Least Square Method
Least square method is the process of finding a regression line or best-fitted line for any data set that is described by an equation. This method requires reducing the sum of the squares of the residual parts of the points from the curve or line and the trend of outcomes is found quantitatively. The method of curve fitting is seen while regression analysis and the fitting equations to derive the curve is the least square method.
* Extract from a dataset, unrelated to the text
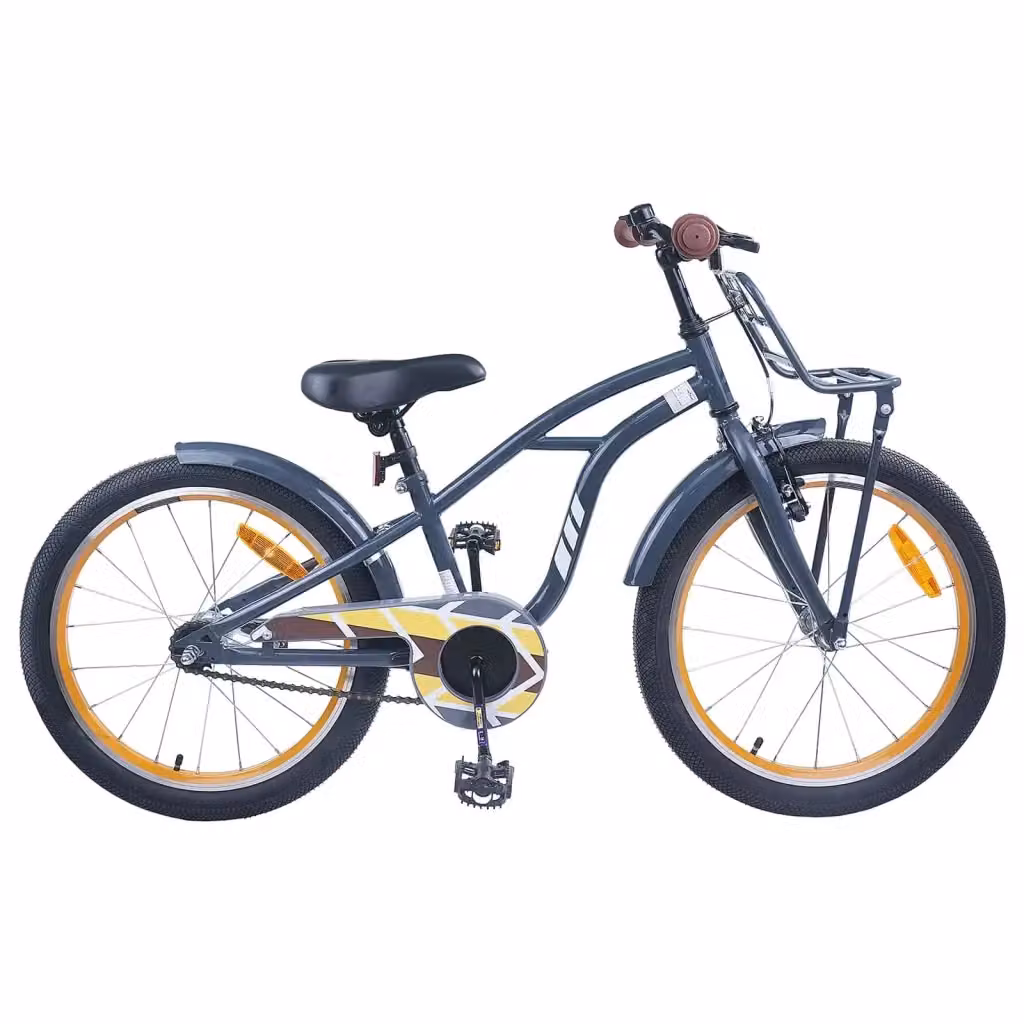 Bicicletta per bambini da 20 pollici in metallo e gomma colore grigio antracite – 2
Let us look at a simple example, Ms. Dolma said in the class "Hey students who spend more time on their assignments are getting better grades". A student wants to estimate his grade for spending 2.3 hours on an assignment. Through the magic of the least-squares method, it is possible to determine the predictive model that will help him estimate the grades far more accurately. This method is much simpler because it requires nothing more than some data and maybe a calculator.
In this section, we’re going to explore least squares, understand what it means, learn the general formula, steps to plot it on a graph, know what are its limitations, and see what tricks we can use with least squares.
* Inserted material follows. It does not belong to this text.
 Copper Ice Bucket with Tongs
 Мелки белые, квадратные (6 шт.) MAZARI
1. | Least Square Method Definition |
2. | Limitations for Least Square Method |
3. | Least Square Method Graph |
4. | Least Square Method Formula |
5. | FAQs on Least Square Method |
Least Square Method Definition
The least-squares method is a statistical method used to find the line of best fit of the form of an equation such as y = mx + b to the given data. The curve of the equation is called the regression line. Our main objective in this method is to reduce the sum of the squares of errors as much as possible. This is the reason this method is called the least-squares method. This method is often used in data fitting where the best fit result is assumed to reduce the sum of squared errors that is considered to be the difference between the observed values and corresponding fitted value. The sum of squared errors helps in finding the variation in observed data. For example, we have 4 data points and using this method we arrive at the following graph.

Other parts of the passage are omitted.